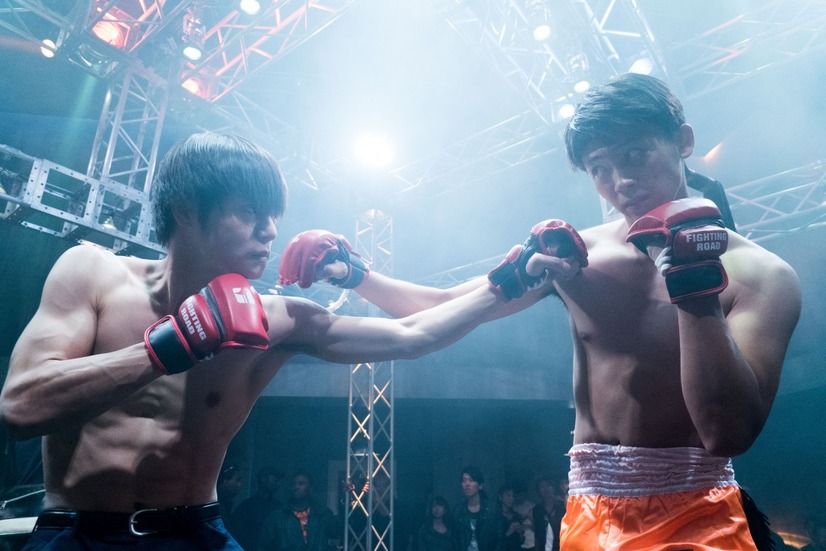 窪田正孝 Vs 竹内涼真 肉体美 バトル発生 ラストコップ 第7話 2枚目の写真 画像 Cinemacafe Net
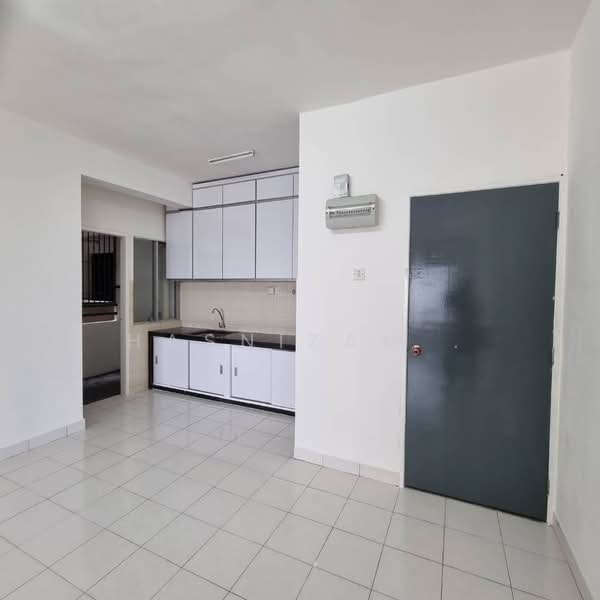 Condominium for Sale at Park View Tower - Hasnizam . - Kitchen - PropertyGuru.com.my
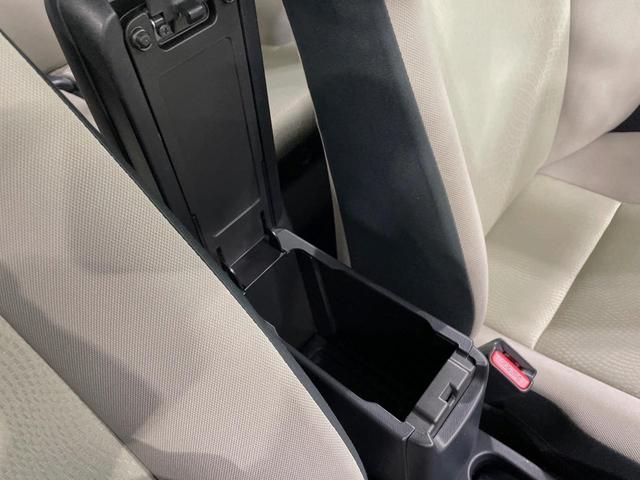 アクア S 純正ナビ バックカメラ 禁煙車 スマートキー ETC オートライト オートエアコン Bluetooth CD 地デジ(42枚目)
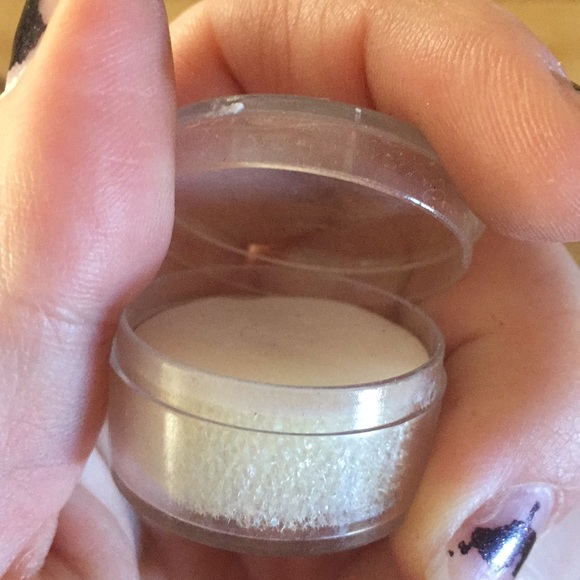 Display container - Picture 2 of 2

+ + +

EXERCISE BRIEF
Give the data again exactly as it appears, but without any images.

SOLUTION TO THIS PROBLEM
 窪田正孝 Vs 竹内涼真 肉体美 バトル発生 ラストコップ 第7話 2枚目の写真 画像 Cinemacafe Net
 Condominium for Sale at Park View Tower - Hasnizam . - Kitchen - PropertyGuru.com.my
 アクア S 純正ナビ バックカメラ 禁煙車 スマートキー ETC オートライト オートエアコン Bluetooth CD 地デジ(42枚目)
 Display container - Picture 2 of 2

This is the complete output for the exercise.